REFLECTIONS DURING THANKSGIVING-CHRISTMAS SEASON

THE METAMORPHOSIS
By
Ernie Delfin
Youth Services Director
Newport Irvine Rotary Club

SOME REFLECTIONS FOR THANKSGIVING AND
THE FORTHCOMING CHRISTMAS (HOLIDAY) SEASON

“ For everything under the sun, there is a reason and there is a season”.

--- A paraphrase from the Book of Ecclesiastes

The United States is making history. It just elected Barack Obama as its first Black American president after a long spirited campaign amidst the worst U.S. economy since the Great Depression in the 1930s. This financial tsunami has already resulted to an unprecedented foreclosures of homes and the failure (and subsequent bailouts) of several financial giants, like AIG, Freddie Mac and Fannie Mae. Despite all these depressing economic news, however, millions of people from other countries still desire to immigrate and live in the United States, much more than those wanting to leave. The USA remains a strong magnet to millions of foreigners.

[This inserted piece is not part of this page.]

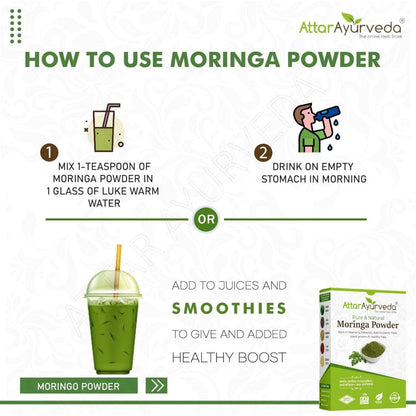 Attar Ayurveda 100% Moringa Leaf Powder (200g) | Drumstick Leaf powder | Herbal Supplement | Good for Immunity, Digestion, skincare and Haircare | 100% Natural and Preservative-free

Why are Americans unhappy or depressed then? Because we Americans are spoiled people in so many ways because we are used to a very comfortable and easy- going lifestyle. We were used to pay only about $30, not $100 to fill up the gas tanks of our SUV’s. When our 401(k) retirement accounts or our American dollars depreciate, we get depressed. When the values of our houses tumble, we cry because our houses for decades have become as our revolving “savings” account. Road rage increases where there is too much traffic whereas in many parts of the world, freeways and cars are just a dream! And the list goes on and on.

# # #
This coming Thanksgiving week and the advent of the Holiday or Christmas Season, it is an opportune time for all of us to take a pause to reflect and consciously take minute vacations from our tupsy turvy world and start counting the many blessings that we often take for granted. We should simply ignore those luring advertisement subliminally convincing us that we can never be happy without buying that designer clothes or taking that expensive vacation. No one should ever listen that it is necessary to have those cosmetic surgeries to remove the excess fat in one’s tummy or wrinkles in one’s aging face in order to look young and beautiful. The coming Holidays should not only be about material gifts but also gifts of time and energy to nurture better relationships.

On a more serious note, I believe that to be truly happy and fulfilled is to have a grateful heart and to become a child once again. Children are pure and simple. They are colorblind; share their toys with anyone. They do not carry grudges or hatred in their hearts; they are quite innocent, guilt free and unbiased.

Once we are grown up, we leave childlike behaviors behind. We learn and acquire acts of prejudice, pride, discrimination and greed along the way. In the adult world, he who has more toys wins! We crave for the applause of men and are driven for that ephemeral l5 minutes fame. People are driven to become recognized by what they possess rather than by the content of their character that defines who they are. We forget that each one is unique individual and each is given his own talents by God as His gift to us as human beings. What we do with those talents is our own gift to Him that gave us.

Psychologists say that the Holiday season increases the level stress, depression and even suicides in our society. When pangs of anxiety or depression come, an effective prescription is to go out and volunteer to feed the hungry and the homeless. To go to a spiritual retreat or a visit to the graves of some loved ones can also prevent anxiety attacks or depression.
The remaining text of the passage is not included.